The Muslim herdsmen raided three mostly Christian villages, hacking to death people at random.
Witnesses in the village of Dogo Nahawa said that Hausa-Fulani tribesmen descended from the hills, firing shots in the air. When people ran out of their homes, they were set upon with machetes or shot.
A local Christian group said the violence was an act of jihad. “Eyewitnesses say the Hausa-Fulani Muslim militants broke into homes, cutting humans, including children and women, with their knives and cutlasses,” the statement said.
"It seems the attacks were well coordinated as the attackers launched ... (them) simultaneously," Shamaki Gad Peter, head of League for Human Rights in Jos, told AFP as he toured Ratsat village.
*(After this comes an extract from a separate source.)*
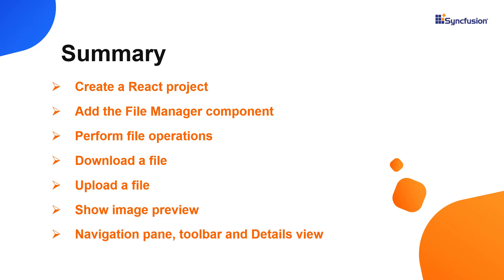In this video, I have shown you how to create and configure Syncfusion React File Manager component using the create react app command and how to use a few of its features. You can download this working example from the GitHub link in the description below. I've also shared a link where you can learn about obtaining a free license key to use our React products if you're eligible for our community license. Thank you for watching this video. If you found it useful, please give it a like and subscribe to our channel.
Houses and food granaries were still smouldering more than 12 hours after the attacks, which happened in the small hours of Sunday.
Shehu Sani, a local rights activist said some fleeing residents were caught in animal traps and fishing nets set by the suspected Fulanis.
Acting President Goodluck Jonathan has put the army on alert in the region, but the Christian group said it had lost faith in the military, which it says failed to respond until the attack was over.
In November 2008, the federal government sent in the troops after Christians and Muslims fought each other using firearms and machetes in clashes that followed a contested election in Jos.